> [THE TASK]:
The entire listing below is to be written out exactly, minus the pictures.
━━━━━ INPUT DATA
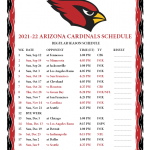 Printable 2021 2022 Arizona Cardinals Schedule Printable
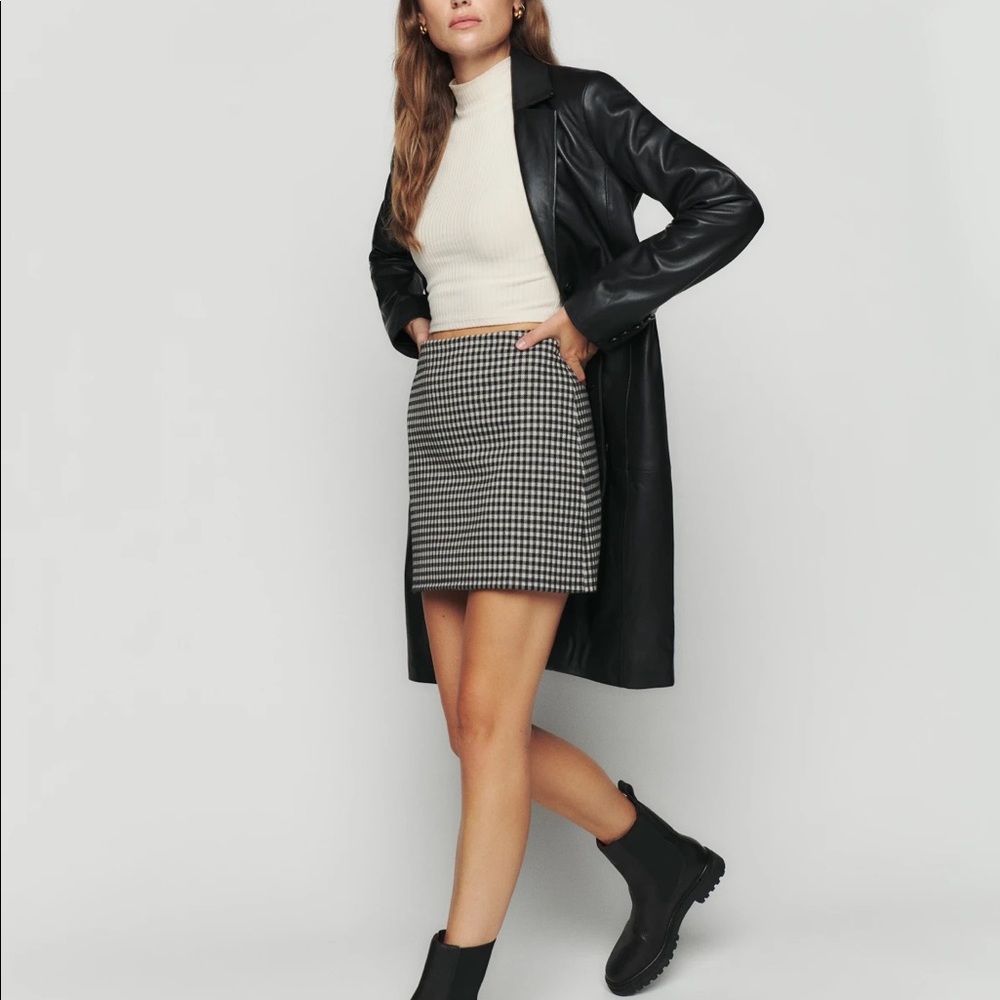 Reformation Suzie Skirt / Size 8 / Black White Check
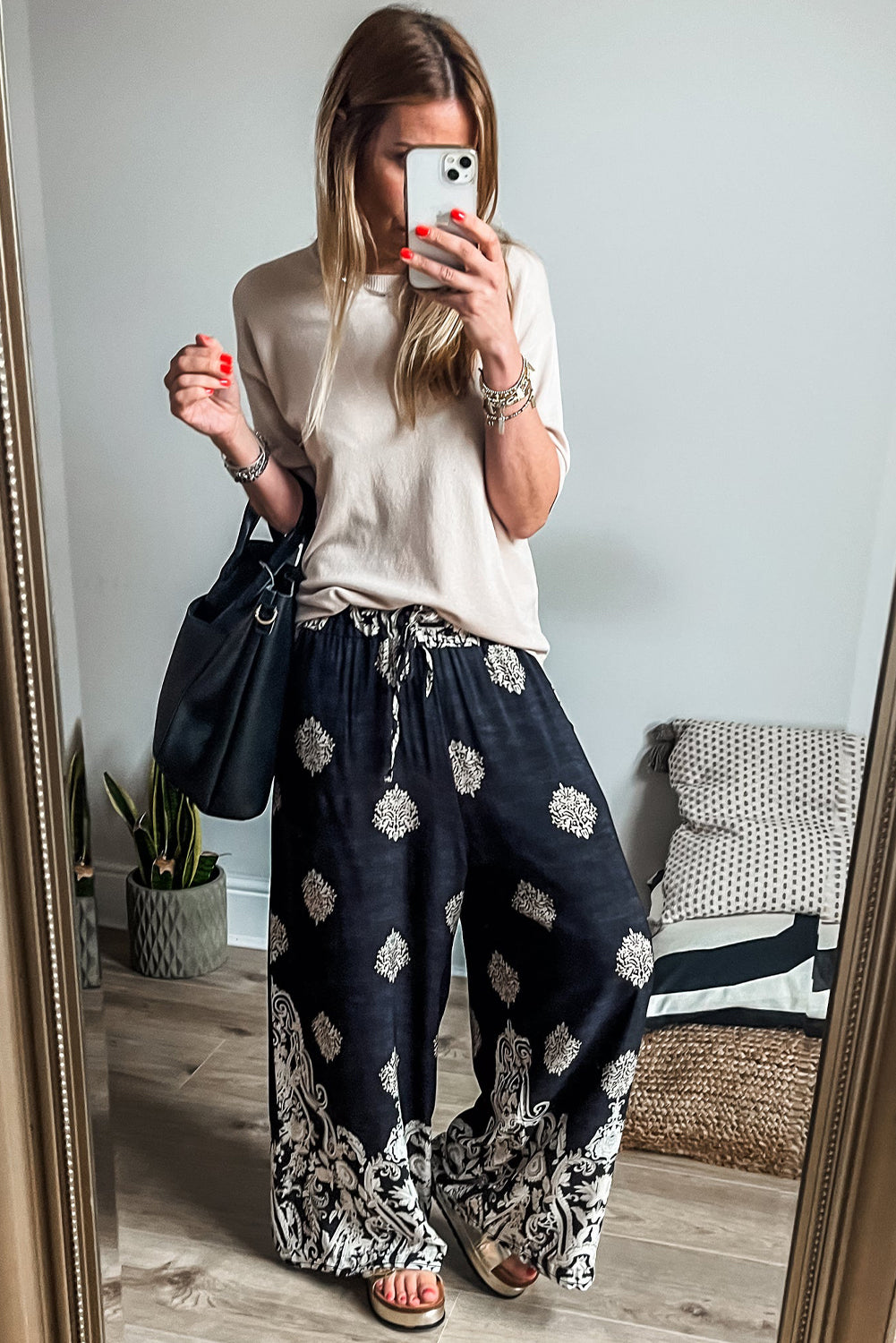 Bohemian Printed Drawstring Waist Wide Leg Pants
━━━━━━━━━━
> [EXPECTED ANSWER]:
 Printable 2021 2022 Arizona Cardinals Schedule Printable
 Reformation Suzie Skirt / Size 8 / Black White Check
 Bohemian Printed Drawstring Waist Wide Leg Pants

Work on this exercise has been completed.